Because meaning in English sentences is highly dependent on word placement, Shakespeare’s sentences can confuse the reader due to his use of unusual word arrangements. This is done purposely, either by using the line’s poetic rhythm to emphasize a certain word or by giving a character distinct speech patterns. One feature of Shakespeare’s syntax is placement of the verb before the subject and the object before the subject and the verb. For example, when Horatio says “In what particular thought to work I know not,” he means, “I know not in what particular thought to work” in modern English (1:1:78).

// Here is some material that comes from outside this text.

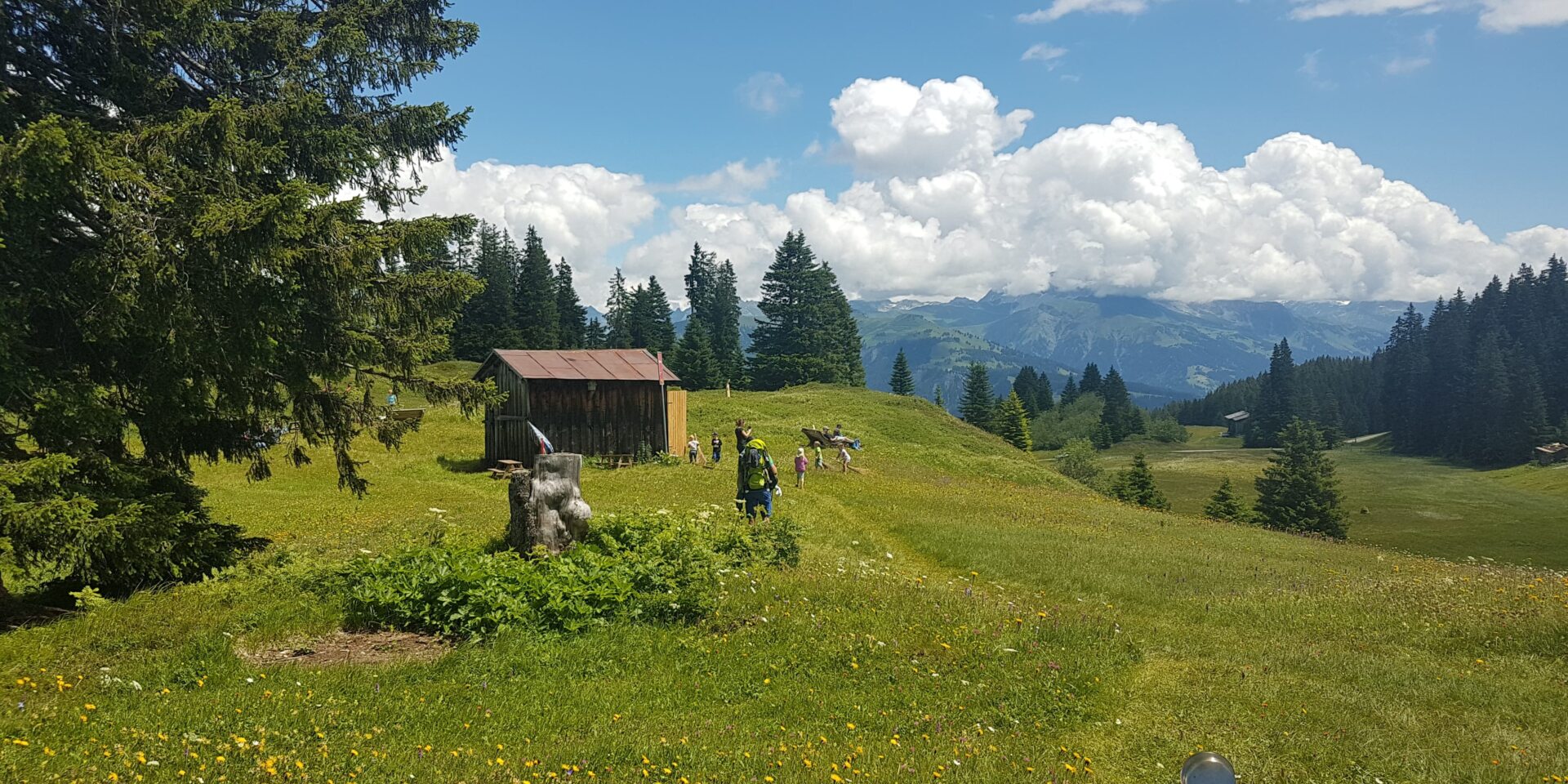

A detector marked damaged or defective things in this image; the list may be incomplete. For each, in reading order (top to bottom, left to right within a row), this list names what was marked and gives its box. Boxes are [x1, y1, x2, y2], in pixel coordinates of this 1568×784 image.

rusty red metal roof [473, 351, 677, 384]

Shakespeare may also construct sentences to separate words that normally go together. For example, when Claudius says, “Which have freely gone/With this affair along,” he separates “gone along” (1:2:15-16). Finally, Shakespeare delays basic sentence elements and gives subordinate material first. For example, Marcellus says, “Thus twice before, and jump at this dead hour,/With martial stalk hath he gone by our watch,” whereas in modern English the sentence would begin with “He hath gone by our watch.”
Shakespeare employs two main types of wordplay: puns and metaphors. A pun is a play on words that sound the same, but mean different things. Shakespeare uses them humorously to emphasize the word’s different meanings. Although puns may appear unintelligible, Shakespeare includes them with deliberation. A metaphor expresses an idea by depicting it as something else with similar features. Shakespeare often uses this to ideas beyond verbal description or hyperbolic language. Such language is present when Shakespeare says that the Ghost “a mote it is totroubles the mind’s eye” (1:1:124), comparing the mind’s irritation to an eye’s reaction to dust.
Shakespeare’s Hamlet is a performance script, and should be vocalized by actors who are moving, gesturing, and showing emotions. Although there are explicit “stage directions,” some actions are clearly implied by the intense dialogue. For example, when the Ghost first arrives on the set, Bernardo exclaims “See, it stalks away!” and later in the same seen Horatio says “I’ll cross it though it blasts me” (1:1:139). Bernardo’s implied actions are obvious, to point at the spirit he sees. Horatio’s actions are less obvious; the reader’s or director's interpretation decides if Horatio literally crosses his arms on his body or merely stands in the way of the Ghost as it exits the stage.